Vennero, in seguito, divulgati altri scritti su Veneziano, scritti che dicono (non sempre condotti alla luce di consultazioni di fonti attendibili) della sua grande fama in Italia e all’estero, della sua vasta opera, prevalentemente in lingua siciliana, di cui Celia resta la più nota e ricca, di circa 300 componimenti. In essa vennero identificate alcune figure muliebri: una nipote, la vice regina di Sicilia, Isabella La Turri e Franceschella Porretta. Dopo quel rientro in Sicilia nel 1579, festeggiato, come sopraccennato, Veneziano subì - come De Cervantes, una volta libero - altre amare vicende. Venne imprigionato nel 1588 per aver divulgato un libretto osteggiante il governo. Morì nel 1593, in seguito ad uno scoppio di una polveriera, nel carcere di Castello a Mare (Palermo), all’età di 50 anni. Era nato a Monreale nel 1543.

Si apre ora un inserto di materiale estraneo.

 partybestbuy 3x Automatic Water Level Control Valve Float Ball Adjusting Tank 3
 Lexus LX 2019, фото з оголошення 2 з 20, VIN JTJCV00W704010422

Si accennava ad altri scritti sull’uomo. Aurelio Rigoli, studioso di tradizioni polari e di altro sulla sua Sicilia, nel 1967 dedicò un testo al Veneziano dal titolo Ottave. Scrissero altri sull’uomo, come Leonardo Sciascia, Vincenzo Consolo e Aldo Gerbino. Quest’ultimo in Sicilia poesia dei mille anni (Caltanissetta, 2001) dedicò sette pagine al Veneziano con la riproduzione di alcuni testi poetici in dialetto siciliano e rispettive traduzioni. Un gran lavoro, nel quale viene ricordata l’opera Antonio Veneziano, a firma di U. A. Amico, edita a Firenze da Barbèra nel 1894.

Matteo Steri, bibliofilo, fondatore dell’ “Archivio Concetto Marchesi” a Cardano al Campo, vuole sapere che cosa in vero dicono quelle 12 ottave che De Cervantes dedicò a Veneziano. Mentre vive un’ attesa ansiosa spera che qualche ispanista volga nella nostra lingua quelle ottave dello spagnolo per ricavare un opuscolo ed editarlo. Quelle ottave vogliono dire certamente qualcosa di rilevante in quanto lo stesso De Cervantes ne aveva inserito una settantina di versi nella commedia El trato de Argel.

Ci chiediamo, infine, se giova riscoprire questo uomo dalle scritture pregevoli, non coincidenti - ma non è una colpa - con la sua vita tempestosa. Rispondiamo che giova, in quanto si può bene intendere quanto Veneziano e il suo compagno “di ventura e sventura” De Cervantes avessero interpretato una epoca di grave crisi che aveva investito il mondo europeo. Allora maledettamente come adesso.